Despite some consolidation in the African banking market, most of the banks we are speaking to remain confident about future opportunities on the continent. However, we have noticed security steadily making its way towards the top of the agenda for bank executives, and rightly so.
Africa’s relative lack of infrastructure is both a blessing and a curse for banks. While access to traditional services is still a challenge, innovation in technology can offer big opportunities. Mobile has become the de facto means of banking in many parts of Africa and, as mobile penetration – particularly smartphone penetration – increases, this is allowing banks to connect with more of the population than ever before, and to do so in a more targeted, personal way.
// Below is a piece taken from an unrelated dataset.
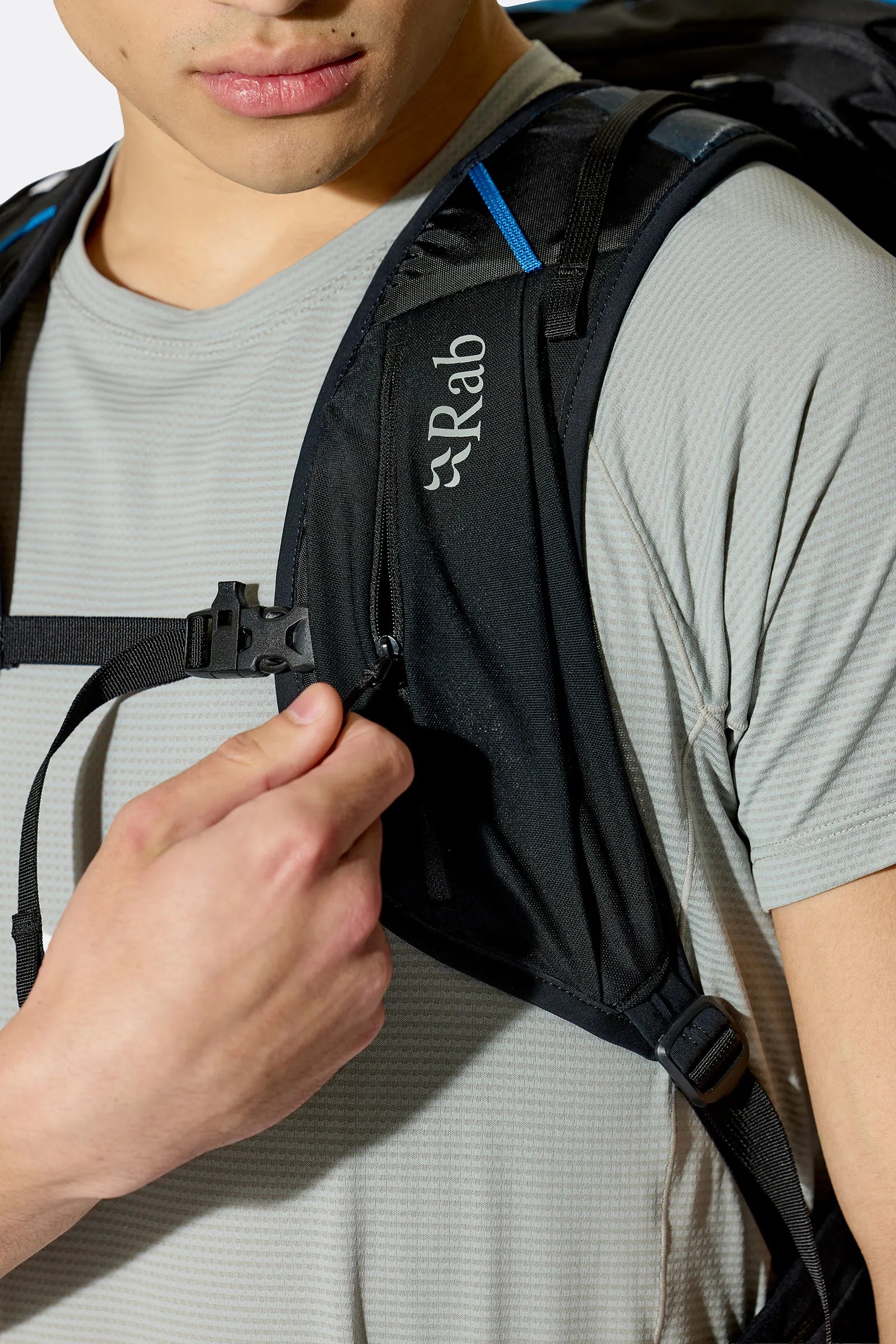 Rab Syclon XP 30L Waterproof Pack in Black/Maya Blue - Shoulder Strap Detail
A study looking at trends in banking in Sub-Saharan Africa, released in June 2015 by the European Investment Bank, noted that the Sub-Saharan Africa (SSA) region leads the world in mobile money accounts. While just 2 percent of adults worldwide have a mobile money account, in the SSA region, 12 percent have one. Although the base is still low, financial inclusion through mobile is growing fast.
While this is encouraging for the continent and the banks involved, banking CEOs are increasingly concerned about systemic risk and, more importantly, about the growing risk of cybercrime.
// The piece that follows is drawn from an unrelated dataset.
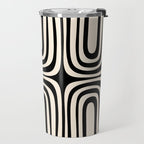 Midcentury Modern Confaab Abstract Pattern in Black and Almond Cream  Travel Mug Gallery Image 2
Cybercrime cutting into operational profits
The Kenyan government alone is losing KSh five billion (US$50 million) yearly on cybercrime and the number is expected to grow. In fact, in March last year, 79 percent of African banking executives surveyed by PWC saw cyber-risk as an inhibitor of growth.
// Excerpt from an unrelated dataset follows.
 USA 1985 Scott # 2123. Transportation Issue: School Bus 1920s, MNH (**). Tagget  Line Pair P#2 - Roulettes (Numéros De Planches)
Frankly, we are not surprised. Globally, security is too often seen as a grudge purchase, and is brought in as a last resort and, even worse, often after a critical breach has already taken place. This can cause serious reputational damage to the banking and payments ecosystems.
Complacency around the security technology employed to authenticate a customer in particular is still rife. Despite all the international best practice, many banks still seem comfortable with using one-time password (OTP) technology as their primary means of authenticating their customers. Technology, one must add, that is already decades old.
Back in 2012, the Australian telcos warned their local banks that SMS was not secure and urged them to re-look at how they protected their customers. At the time, Communications Alliance chief executive John Stanton said it plainly: “SMS is not designed to be a secure communications channel and should not be used by banks for electronic funds transfer authentication.”
This is not the end of the challenge. Many banks have shifted to two-factor authentication (where users have a password and make use of a token or phone as the second factor), but Gartner warned back in 2009 that any two-factor authentication relying on a browser can be beaten. The company went on to suggest banks make use of a fraud prevention approach that uses stronger authentication, fraud detection and out-of-band transaction verification.
Over the years we have seen a marked rise in man-in-the-middle attacks and these are receiving particular attention from African security analysts. These are best described as attacks criminals designed to secretly intercept and possibly tamper with messages between two parties who believe they are communicating only with one another. Many unsuspecting banking clients have become victims of phishing attacks through clicking email links, downloading fake or altered mobile apps or through the use of unsecured public wifi connections.
This is a real challenge for banks. They do work to educate their clients on safer browsing habits, but this is simply not enough. Banks must take responsibility for securing financial or personal data. The same is, of course, true for all organisations that hold sensitive information. Regulations around this are growing incredibly onerous and, if companies can’t guarantee they are protecting the consumer, they will be subject to very hefty penalties.
This is not just a compliance challenge
If banks want to improve their bottom line, they must own the channel through which they communicate with their clients. This channel is the proverbial goose that lays the golden egg. In a downturn economy especially, financial institutions are developing and rolling out incredibly innovative new products. This is all pointless, however, if the end user – the client – doesn’t trust your technology enough to complete a transaction.
One thing we know for sure is that criminals are constantly evolving and refining the ways they access data and funds. Each year, we send our developers to top global cybersecurity conferences. We expect them to know exactly what the latest exploits are and to build technology at least 12 to 18 months ahead of the fraud curve. We also engage white-hat hackers to stress test our systems, exposing potential flaws and allowing us insight into problems before they exist.
In short, if banks want to ensure they can leverage the mobile channel for increased profits, they cannot afford to be complacent about security. We know that the criminals are thinking three steps ahead. Shouldn’t our banks be doing the same for their clients?